Eine ganz Große verlässt den Fußball
Es waren berührende Worte, die Viktoria Schnaderbeck an das Publikum richtete. „Heute ist kein leichter Tag, es ist ein emotionaler Tag“ sagte sie am Mittwoch bei einer Pressekonferenz, während sie sichtlich mit den Tränen kämpfte. Die Entscheidung sei schon länger in ihr gereift und letztlich habe sie sich dazu entschieden, ihre Karriere zu beenden. „Mein Gefühl hat mir einfach gesagt, dass es der richtige Zeitpunkt ist. Ich wollte immer selbstbestimmt gehen.“
Schnaderbeck hat den österreichischen Fußball geprägt wie keine andere. Als einziges Mädchen unter Jungen begann sie im Alter von sieben Jahren beim TSV Kirchberg/Raab, zuvor hatte sie vor allem mit ihrem Bruder im Garten trainiert, „bis Mama uns irgendwann zum Essen reingerufen hat“.
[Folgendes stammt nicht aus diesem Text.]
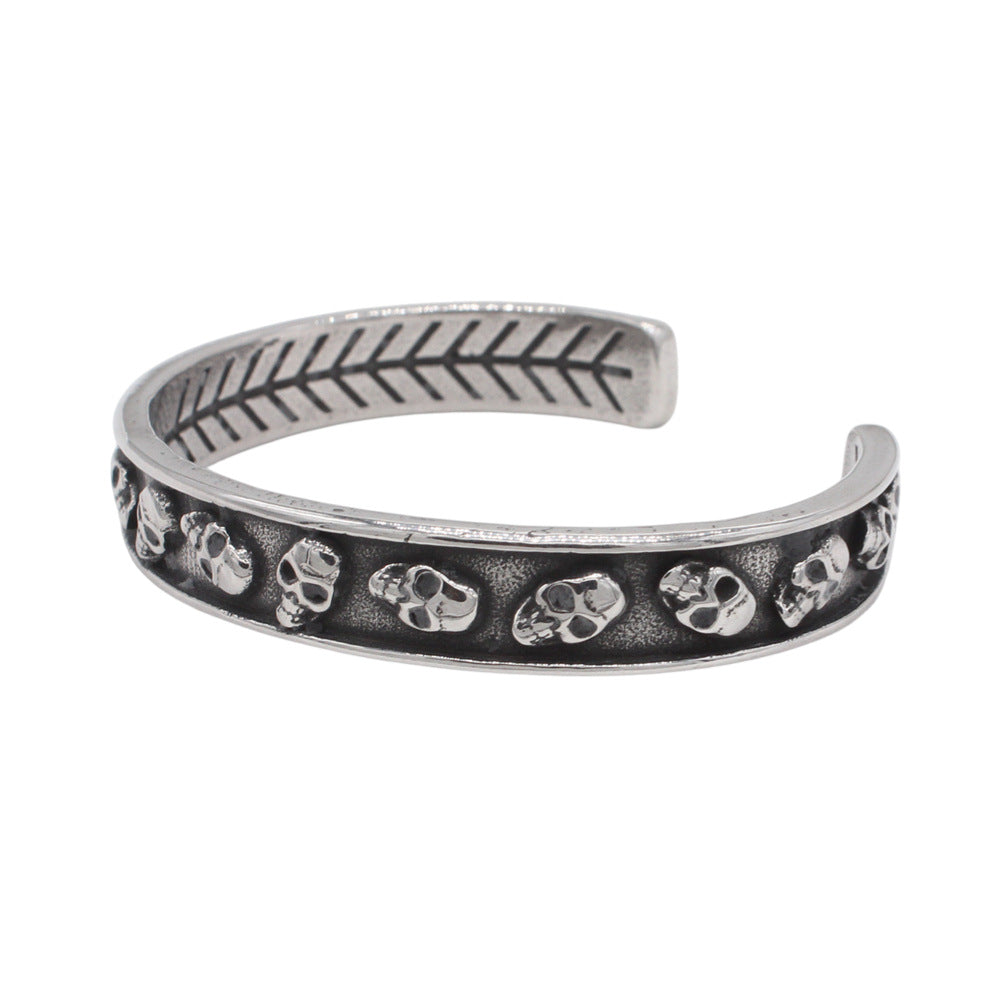 Planderful Titanium Skull Bracelet Unisex Opening Design Durable Protection Statement For Men And Women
Mit gerade einmal 16 Jahren ging es für sie dann zur zweiten Mannschaft des FC Bayern München – eine Zeit, die von Heimweh und der ersten größeren Verletzung geprägt war. „Mit 17 drohte mir bereits das Karriereende“, sagt sie rückblickend. Zugleich lernte sie in diesem Moment: „Nichts ist selbstverständlich. Deshalb nimm jeden Moment, den der Fußball dir schenkt.“
Und Schnaderbeck nahm jeden sportlichen Moment als Geschenk – ihr Debüt bei der Nationalmannschaft 2007, ihren erster Auftritt als Kapitänin, die mehrmaligen Deutschen Meistertitel mit dem FC Bayern München und schließlich das Championat mit Arsenal.
Im Umgang mit Verletzungen, Operationen und Reha wurde sie dabei immer routinierter. Insgesamt acht Knieoperationen musste sie sich unterziehen, selbst bei der Europameisterschaft in England, „der höchsten Bühne, die der europäische Frauenfußball bisher erlebt hat“, musste sie noch zittern.
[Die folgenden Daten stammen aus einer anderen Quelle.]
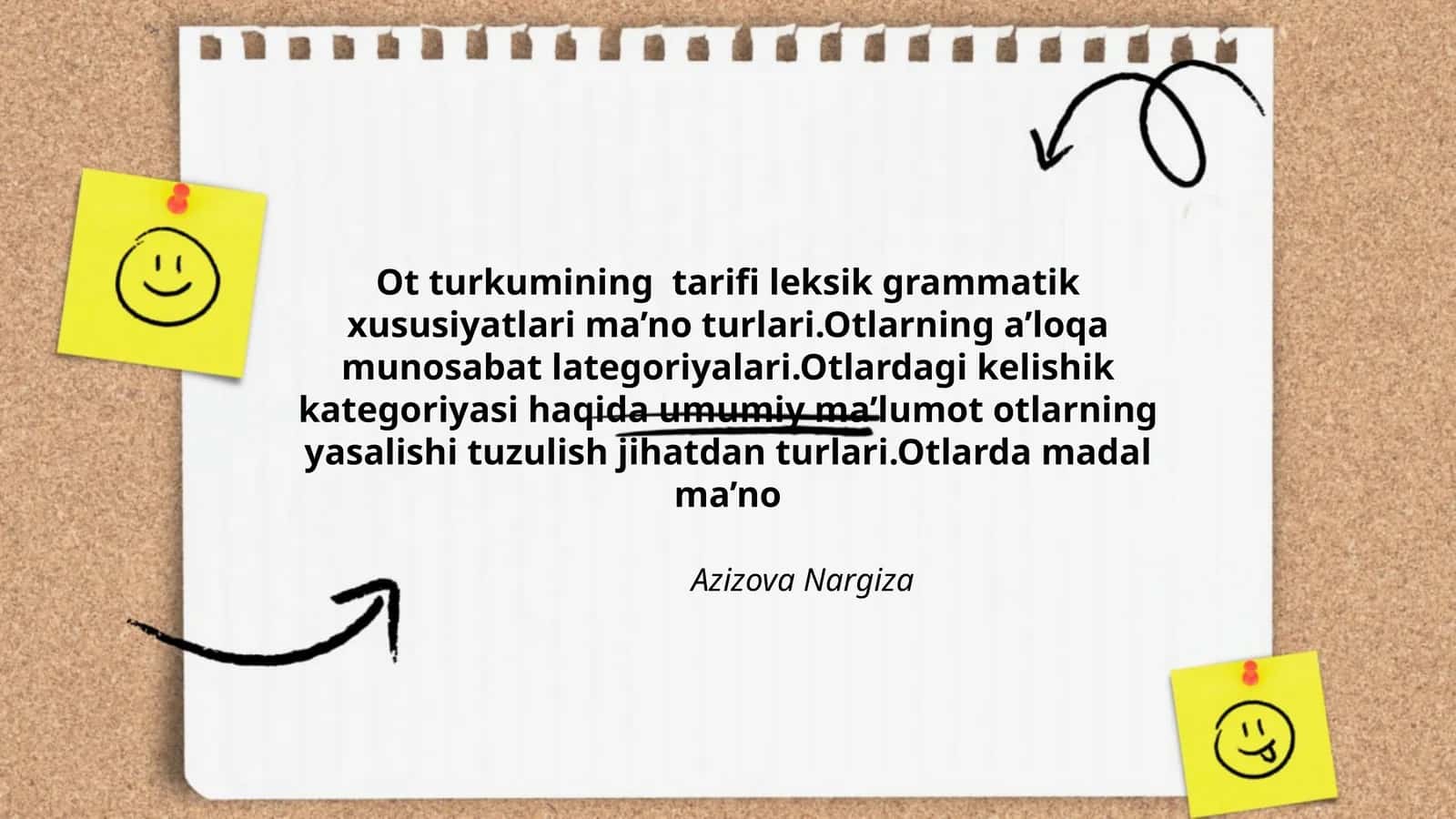 Ot turkumining tarifi leksik grammatik xususiyatlari ma’no turlari 1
Trotzdem kam sie jedes Mal zurück – und ging dabei immer wieder über ihre eigenen körperlichen Grenzen. Das wurde auch in ihrer Verabschiedung mit 32 Jahren deutlich, als sie nicht nur über physische Herausforderungen sprach, sondern außerdem ergänzte, dass es mental gesehen viele Tage gegeben habe, an denen sie „wenig Energie hatte, weil die Verletzungen viel Kraft kosteten“.
Schnaderbeck hat es im Laufe ihrer Karriere weit aus dem Berndorfer Garten bis hin zur EM nach England geschafft, aber dabei nie ihre Wurzeln aus den Augen verloren. Das wurde besonders deutlich, als sie 2019, während ihrer Zeit bei Arsenal, in ihre Heimat zurückkehrte und sich als homosexuell outete, weil sie sich dort sicher und geborgen fühlte, wie sie gegenüber dem Tagesspiegel erzählte.
„Das war mir für mich wichtig, ich habe dann gemerkt, was für ein Sog das ist.“ Auch in ihrer Abschiedsrede bedankte sie sich ausführlich bei ihrem Jugendverein und ihrer Familie, die ihr vorgelebt habe, „dankbar zu sein für das, was man hat“.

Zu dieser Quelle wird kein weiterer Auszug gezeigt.